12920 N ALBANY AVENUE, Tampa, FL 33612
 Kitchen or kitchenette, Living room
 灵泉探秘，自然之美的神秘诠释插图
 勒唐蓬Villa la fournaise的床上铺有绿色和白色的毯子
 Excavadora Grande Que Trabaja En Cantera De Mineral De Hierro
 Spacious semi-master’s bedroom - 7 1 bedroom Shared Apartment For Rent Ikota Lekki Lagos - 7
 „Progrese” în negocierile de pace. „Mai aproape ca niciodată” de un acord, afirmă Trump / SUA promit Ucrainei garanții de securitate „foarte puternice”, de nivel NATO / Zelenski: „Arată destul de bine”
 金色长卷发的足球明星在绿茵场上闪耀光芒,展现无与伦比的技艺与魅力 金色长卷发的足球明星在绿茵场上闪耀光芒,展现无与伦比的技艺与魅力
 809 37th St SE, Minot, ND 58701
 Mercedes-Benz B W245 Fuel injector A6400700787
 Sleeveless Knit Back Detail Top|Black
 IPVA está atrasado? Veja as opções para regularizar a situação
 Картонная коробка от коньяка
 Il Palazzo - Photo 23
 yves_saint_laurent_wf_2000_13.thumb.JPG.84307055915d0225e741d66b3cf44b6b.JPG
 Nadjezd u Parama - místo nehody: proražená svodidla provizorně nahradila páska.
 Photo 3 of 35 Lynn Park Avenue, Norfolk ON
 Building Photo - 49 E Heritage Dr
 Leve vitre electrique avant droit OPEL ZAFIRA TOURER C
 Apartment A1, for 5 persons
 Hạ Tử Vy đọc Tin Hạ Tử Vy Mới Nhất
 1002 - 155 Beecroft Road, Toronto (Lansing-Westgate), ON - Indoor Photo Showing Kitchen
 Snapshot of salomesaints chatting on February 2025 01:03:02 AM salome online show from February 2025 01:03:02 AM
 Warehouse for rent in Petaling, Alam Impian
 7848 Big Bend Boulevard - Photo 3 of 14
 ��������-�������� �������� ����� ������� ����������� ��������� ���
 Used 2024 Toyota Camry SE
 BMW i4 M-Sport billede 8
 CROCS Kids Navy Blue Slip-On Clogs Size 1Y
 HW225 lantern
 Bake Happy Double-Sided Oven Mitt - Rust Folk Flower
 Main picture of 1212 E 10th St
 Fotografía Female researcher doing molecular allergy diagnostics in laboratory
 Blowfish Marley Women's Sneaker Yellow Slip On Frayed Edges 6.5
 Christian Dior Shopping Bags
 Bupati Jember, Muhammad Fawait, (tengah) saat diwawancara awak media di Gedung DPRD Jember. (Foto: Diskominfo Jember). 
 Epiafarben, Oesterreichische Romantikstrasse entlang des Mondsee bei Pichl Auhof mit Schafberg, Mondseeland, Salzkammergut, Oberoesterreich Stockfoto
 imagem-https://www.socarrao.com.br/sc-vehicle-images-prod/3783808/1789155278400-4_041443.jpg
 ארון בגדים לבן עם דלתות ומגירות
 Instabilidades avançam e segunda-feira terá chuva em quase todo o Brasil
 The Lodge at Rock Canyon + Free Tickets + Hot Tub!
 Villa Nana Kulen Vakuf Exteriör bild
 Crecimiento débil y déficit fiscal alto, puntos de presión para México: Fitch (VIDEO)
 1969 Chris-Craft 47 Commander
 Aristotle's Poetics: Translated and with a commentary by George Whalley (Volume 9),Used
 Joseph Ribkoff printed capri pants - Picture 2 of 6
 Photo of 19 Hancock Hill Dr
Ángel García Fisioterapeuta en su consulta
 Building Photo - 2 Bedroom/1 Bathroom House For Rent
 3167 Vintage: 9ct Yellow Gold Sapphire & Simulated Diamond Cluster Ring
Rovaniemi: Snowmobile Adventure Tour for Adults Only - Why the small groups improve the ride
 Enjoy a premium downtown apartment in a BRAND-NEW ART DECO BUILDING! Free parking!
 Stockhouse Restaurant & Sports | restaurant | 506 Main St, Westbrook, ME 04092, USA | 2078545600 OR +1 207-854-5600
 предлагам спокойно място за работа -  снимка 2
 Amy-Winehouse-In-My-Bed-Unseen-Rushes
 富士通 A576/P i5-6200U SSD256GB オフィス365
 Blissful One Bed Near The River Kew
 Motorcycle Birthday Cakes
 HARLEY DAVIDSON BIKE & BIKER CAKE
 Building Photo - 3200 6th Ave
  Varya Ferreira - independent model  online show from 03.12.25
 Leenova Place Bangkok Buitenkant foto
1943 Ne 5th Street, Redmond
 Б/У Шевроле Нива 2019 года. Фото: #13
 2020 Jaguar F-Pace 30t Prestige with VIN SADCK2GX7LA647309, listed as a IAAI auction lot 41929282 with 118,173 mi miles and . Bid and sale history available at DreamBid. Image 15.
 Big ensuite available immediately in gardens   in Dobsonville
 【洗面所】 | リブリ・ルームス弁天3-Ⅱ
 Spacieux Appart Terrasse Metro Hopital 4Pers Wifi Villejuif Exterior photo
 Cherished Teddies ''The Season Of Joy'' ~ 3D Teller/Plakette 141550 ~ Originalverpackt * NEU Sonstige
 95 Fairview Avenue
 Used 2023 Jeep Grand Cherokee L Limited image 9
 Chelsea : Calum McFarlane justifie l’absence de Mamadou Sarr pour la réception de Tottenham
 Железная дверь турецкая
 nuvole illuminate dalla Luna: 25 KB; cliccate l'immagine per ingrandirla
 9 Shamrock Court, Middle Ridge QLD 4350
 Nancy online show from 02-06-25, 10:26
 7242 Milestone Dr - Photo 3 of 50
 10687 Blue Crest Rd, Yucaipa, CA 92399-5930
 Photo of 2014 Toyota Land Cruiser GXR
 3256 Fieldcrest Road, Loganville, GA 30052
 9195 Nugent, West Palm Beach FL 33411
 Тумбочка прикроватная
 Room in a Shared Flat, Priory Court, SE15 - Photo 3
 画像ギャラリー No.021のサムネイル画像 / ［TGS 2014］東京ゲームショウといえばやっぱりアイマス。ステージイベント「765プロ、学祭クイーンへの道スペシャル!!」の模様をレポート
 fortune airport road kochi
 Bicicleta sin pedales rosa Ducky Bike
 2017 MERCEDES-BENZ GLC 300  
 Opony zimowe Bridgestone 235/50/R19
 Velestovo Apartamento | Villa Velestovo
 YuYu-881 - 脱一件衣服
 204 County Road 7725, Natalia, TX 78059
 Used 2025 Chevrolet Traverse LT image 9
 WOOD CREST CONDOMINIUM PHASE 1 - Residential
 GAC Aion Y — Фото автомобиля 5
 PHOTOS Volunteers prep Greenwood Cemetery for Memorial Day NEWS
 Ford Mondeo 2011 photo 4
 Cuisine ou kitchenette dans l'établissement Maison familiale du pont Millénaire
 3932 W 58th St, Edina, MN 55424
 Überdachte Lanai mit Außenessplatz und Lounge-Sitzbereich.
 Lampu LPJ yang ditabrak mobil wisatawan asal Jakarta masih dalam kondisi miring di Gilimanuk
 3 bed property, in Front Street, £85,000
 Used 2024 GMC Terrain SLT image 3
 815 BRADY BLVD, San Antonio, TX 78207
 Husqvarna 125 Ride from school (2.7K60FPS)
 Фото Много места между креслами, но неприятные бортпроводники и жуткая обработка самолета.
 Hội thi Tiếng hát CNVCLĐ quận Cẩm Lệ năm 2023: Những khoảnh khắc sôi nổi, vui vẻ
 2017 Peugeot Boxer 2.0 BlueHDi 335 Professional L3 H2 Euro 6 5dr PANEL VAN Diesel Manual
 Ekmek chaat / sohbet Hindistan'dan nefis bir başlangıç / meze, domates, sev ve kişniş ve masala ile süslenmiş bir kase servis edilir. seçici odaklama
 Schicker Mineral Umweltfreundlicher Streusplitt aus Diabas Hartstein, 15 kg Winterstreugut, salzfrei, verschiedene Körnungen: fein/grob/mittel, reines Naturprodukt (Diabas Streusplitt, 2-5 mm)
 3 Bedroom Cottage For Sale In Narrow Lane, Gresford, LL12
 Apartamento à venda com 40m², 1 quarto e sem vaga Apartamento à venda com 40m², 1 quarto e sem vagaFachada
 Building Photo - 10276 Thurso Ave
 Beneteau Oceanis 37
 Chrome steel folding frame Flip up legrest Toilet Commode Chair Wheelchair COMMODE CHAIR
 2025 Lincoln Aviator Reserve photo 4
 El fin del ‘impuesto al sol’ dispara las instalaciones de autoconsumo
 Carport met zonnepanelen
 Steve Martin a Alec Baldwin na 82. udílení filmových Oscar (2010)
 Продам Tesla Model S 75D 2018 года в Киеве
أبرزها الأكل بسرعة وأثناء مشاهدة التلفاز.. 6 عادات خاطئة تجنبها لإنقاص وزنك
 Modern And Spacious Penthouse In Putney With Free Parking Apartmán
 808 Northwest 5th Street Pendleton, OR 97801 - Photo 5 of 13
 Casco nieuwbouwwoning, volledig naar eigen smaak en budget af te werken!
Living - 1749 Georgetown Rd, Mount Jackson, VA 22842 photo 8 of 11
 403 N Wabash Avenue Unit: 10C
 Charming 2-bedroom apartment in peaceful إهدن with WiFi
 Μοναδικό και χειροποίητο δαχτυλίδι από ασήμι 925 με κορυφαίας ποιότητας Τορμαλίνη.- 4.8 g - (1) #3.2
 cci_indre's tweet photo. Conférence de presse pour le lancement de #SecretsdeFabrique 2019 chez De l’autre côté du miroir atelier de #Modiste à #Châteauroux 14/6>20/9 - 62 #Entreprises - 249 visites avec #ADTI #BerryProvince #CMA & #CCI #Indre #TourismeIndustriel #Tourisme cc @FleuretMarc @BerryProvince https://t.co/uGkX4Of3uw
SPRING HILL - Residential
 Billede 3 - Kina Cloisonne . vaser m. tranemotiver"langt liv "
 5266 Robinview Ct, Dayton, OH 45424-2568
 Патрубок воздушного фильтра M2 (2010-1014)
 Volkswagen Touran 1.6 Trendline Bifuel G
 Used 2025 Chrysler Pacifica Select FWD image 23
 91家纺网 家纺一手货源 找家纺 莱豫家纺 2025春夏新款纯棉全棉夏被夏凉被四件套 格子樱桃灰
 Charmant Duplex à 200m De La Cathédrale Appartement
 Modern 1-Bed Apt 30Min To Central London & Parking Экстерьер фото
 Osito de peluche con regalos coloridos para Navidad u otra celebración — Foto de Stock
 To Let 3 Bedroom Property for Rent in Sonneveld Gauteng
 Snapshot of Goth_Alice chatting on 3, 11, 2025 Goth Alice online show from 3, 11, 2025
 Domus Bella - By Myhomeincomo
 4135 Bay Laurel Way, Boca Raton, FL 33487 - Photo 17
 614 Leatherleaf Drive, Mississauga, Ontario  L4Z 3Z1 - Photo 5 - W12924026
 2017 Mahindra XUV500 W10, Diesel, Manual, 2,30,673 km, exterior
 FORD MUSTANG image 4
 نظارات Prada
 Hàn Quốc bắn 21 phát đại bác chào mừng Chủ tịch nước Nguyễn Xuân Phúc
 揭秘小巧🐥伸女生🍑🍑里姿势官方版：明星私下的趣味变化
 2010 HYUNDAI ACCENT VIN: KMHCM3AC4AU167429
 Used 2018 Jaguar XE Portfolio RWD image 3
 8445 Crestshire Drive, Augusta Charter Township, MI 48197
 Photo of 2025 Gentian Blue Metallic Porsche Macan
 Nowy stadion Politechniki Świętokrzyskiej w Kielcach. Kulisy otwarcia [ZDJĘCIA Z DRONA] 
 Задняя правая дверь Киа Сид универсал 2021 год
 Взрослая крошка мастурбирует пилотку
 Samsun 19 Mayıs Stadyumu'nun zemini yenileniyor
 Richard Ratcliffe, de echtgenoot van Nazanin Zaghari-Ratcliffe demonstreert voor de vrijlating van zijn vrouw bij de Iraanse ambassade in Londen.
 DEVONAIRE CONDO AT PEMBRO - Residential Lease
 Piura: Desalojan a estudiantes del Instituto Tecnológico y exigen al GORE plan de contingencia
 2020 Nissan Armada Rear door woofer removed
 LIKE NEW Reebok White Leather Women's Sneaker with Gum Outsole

-------

**Task to carry out**
Go to the line with "nuvole illuminate dalla" in the entries above and repeat every line from there through the line with "Ford Mondeo 2011 photo 4", exactly and with no other text.

**Task response**
 nuvole illuminate dalla Luna: 25 KB; cliccate l'immagine per ingrandirla
 9 Shamrock Court, Middle Ridge QLD 4350
 Nancy online show from 02-06-25, 10:26
 7242 Milestone Dr - Photo 3 of 50
 10687 Blue Crest Rd, Yucaipa, CA 92399-5930
 Photo of 2014 Toyota Land Cruiser GXR
 3256 Fieldcrest Road, Loganville, GA 30052
 9195 Nugent, West Palm Beach FL 33411
 Тумбочка прикроватная
 Room in a Shared Flat, Priory Court, SE15 - Photo 3
 画像ギャラリー No.021のサムネイル画像 / ［TGS 2014］東京ゲームショウといえばやっぱりアイマス。ステージイベント「765プロ、学祭クイーンへの道スペシャル!!」の模様をレポート
 fortune airport road kochi
 Bicicleta sin pedales rosa Ducky Bike
 2017 MERCEDES-BENZ GLC 300  
 Opony zimowe Bridgestone 235/50/R19
 Velestovo Apartamento | Villa Velestovo
 YuYu-881 - 脱一件衣服
 204 County Road 7725, Natalia, TX 78059
 Used 2025 Chevrolet Traverse LT image 9
 WOOD CREST CONDOMINIUM PHASE 1 - Residential
 GAC Aion Y — Фото автомобиля 5
 PHOTOS Volunteers prep Greenwood Cemetery for Memorial Day NEWS
 Ford Mondeo 2011 photo 4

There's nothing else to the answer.